No, I got all that I needed. There is an inert sense in the reader (me), that the text puts on the outside. Putting words to certain feelings.

BrainΦΠΦTemple wrote: Fri Sep 20, 2024 1:01 pm if you aren't academically rounded, he won't make any sense.
As a stand-alone work, no, very little. I don't think I ever set foot in any place of higher learning. What I find to be of relevance to me I take, myself either being well rounded or crafty hewn. FN himself referred to the academia as "ant-like industry", which is all there is to say. The only lasting rift between his writings and me would be his stance on women in general, though at least understandable with his youth upbringing under "unenlightened" females and no father (something many philosophers share, I feel). That was not the last of his writing for me, I read more. And short of a full biography, I know about the context of him and the age. Born posthumously, indeed.

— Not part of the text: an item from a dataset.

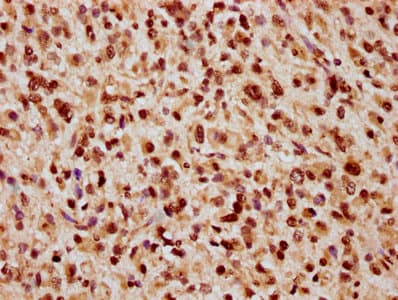 Polyclonal Rabbit anti-Human HIST1H2AI Antibody (IHC)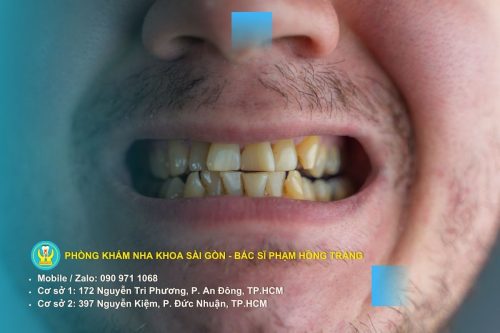 Ảnh minh họa hàm răng bị ố vàng, cao răng và hôi miệng nghiêm trọng do tác hại của thuốc lá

BrainΦΠΦTemple wrote: Fri Sep 20, 2024 1:01 pm(i apologize for making that assumption if you have more of an advanced background, but if you don't, nietzsche will eventually make more sense once you get more well-rounded, and i hope my post has been helpful. ^-^ )
No need to. As ever, how someone can respond to certain ideas lies in how advanced one gets with their self. When I decidedly learn something it is always for me, not for some "higher" benefit other than that. There are some texts, as you say, that can offer more when the reader has more to offer. On that we can agree, easily.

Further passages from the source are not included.